WASHINGTON -- The Obama administration said it was "pleased" that Republicans and Democrats on the Hill may have temporarily averted a government shutdown by informally agreeing on a funding measure to keep operations and negotiations going until March 18.
But in an off-camera briefing on Monday morning, White House Press Secretary Jay Carney said the president and his chief economists ultimately want a longer-term budget, not a biweekly fight over a series of short-term extensions.
"What we believe is that if we keep returning to this process every few weeks, that would be bad for the economy, because it creates some uncertainty," Carney said. "We are pleased that there seems to be some progress and that we are moving in the right direction."
Carney said the White House is looking for a budget bill by March 18 that will keep the government running through Sept. 30, the end of the fiscal year. He declined, however, to discuss specific economic problems the administration foresees from repeated stopgap budget deals, or how many it considers to be too many.

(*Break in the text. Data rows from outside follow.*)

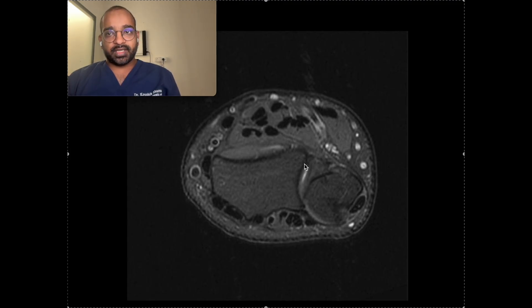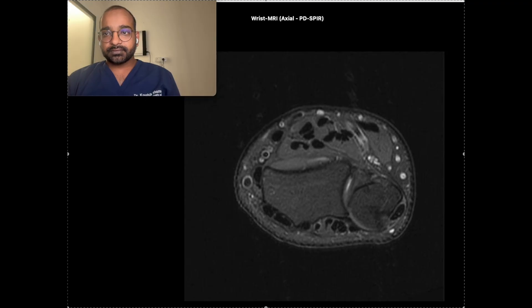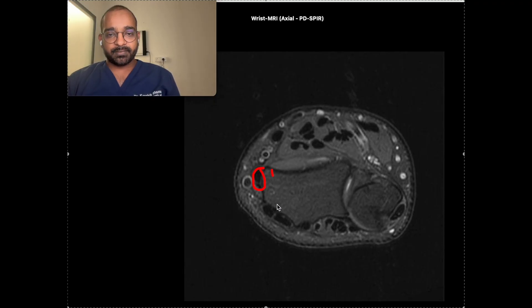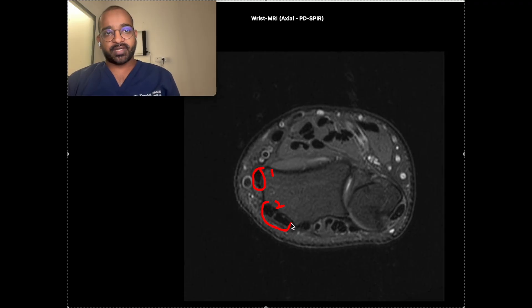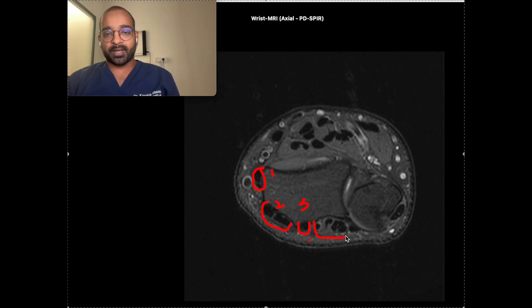So the first compartment has abductor pollicis longus and extensor pollicis brevis tendons. The second compartment has extensor carpi radialis longus and brevis tendons. The third compartment has extensor pollicis longus tendon.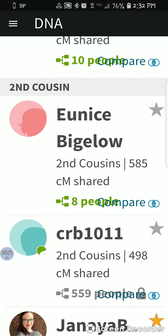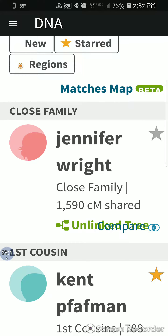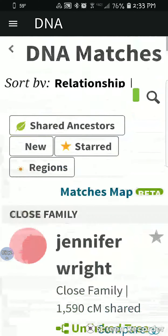For a second cousin I shared 489 centimorgans. There is also a leeway range. This person here — I know through getting to know these people that she is my dad's first cousin. Then this man named Kent, listed as first cousin — he is in fact my first cousin and came back at 788 centimorgans. And then this person, who finally came out to be my close family match, I now know to be a half sister — we shared 1,590 centimorgans. But back to the topic at hand — I have a habit of wandering, so I apologize.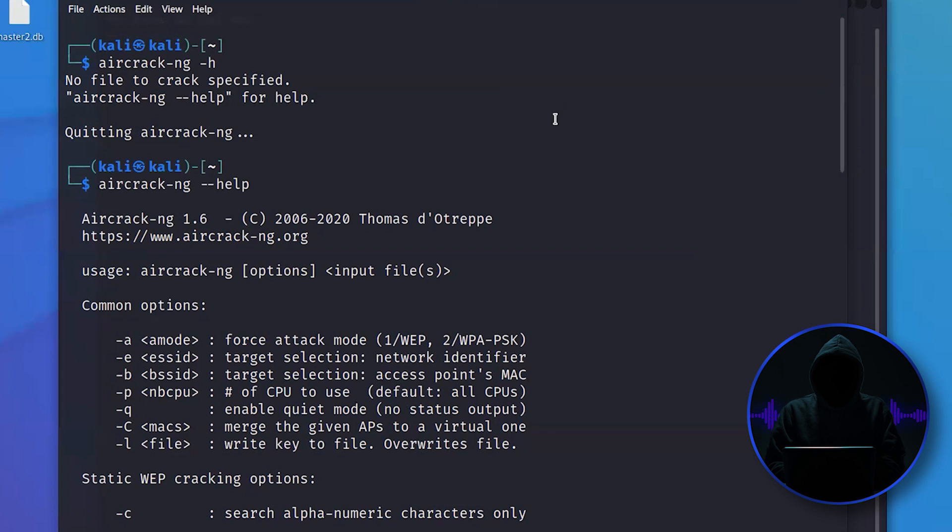But you have to first have an Aircrack-compliant adapter. If you're using a virtual machine, even though you're using a laptop with a Wi-Fi adapter in it, you're going to have to connect via USB your new Aircrack-compatible adapter. Usually it's going to be an Alpha or something.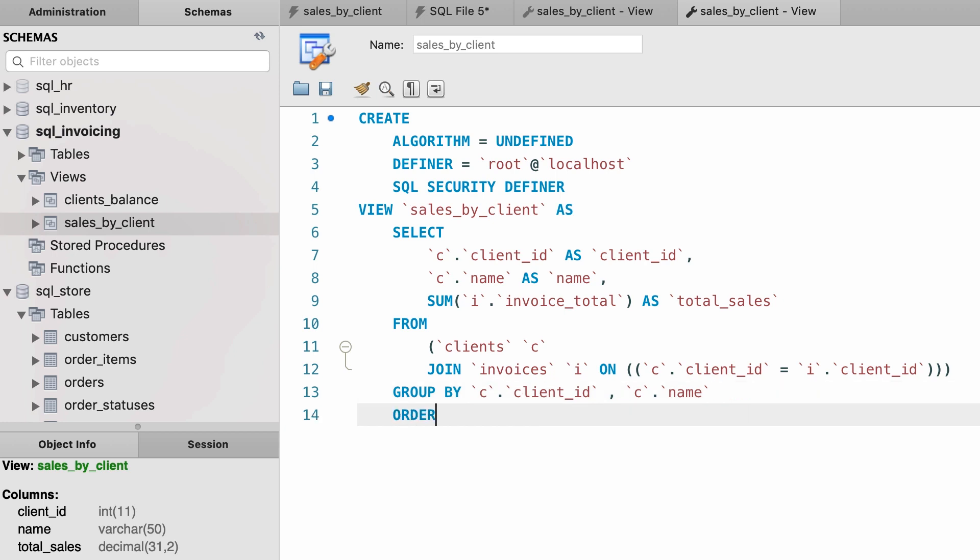So I'm going to add an order by clause, order by total sales in descending order. When we're done, we need to click the apply button. It's on the bottom right corner of the screen, but unfortunately it's not visible in my recording window. It's right here.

"I would just say that the effect of not knowing whether or not the government will be operating can be felt in a number of different ways," he said. "I'm not predicting that will happen, I'm just saying we think it would not be a positive thing to happen to the economy."
The White House's preemptive alarm-sounding puts a bit of a damper on the generally optimistic news coming from the Hill. With the short-term resolution, Senate Democrats and House Republicans are effectively granting themselves two more weeks to talk beyond March 4, when government funds are currently set to run out.
But the late-hour agreements and legislative incrementalism never seemed stable. And with the White House, which has been loathe to engage in the debate, pushing for a longer-term resolution, the parties will likely veer back into more hotly-contested negotiations.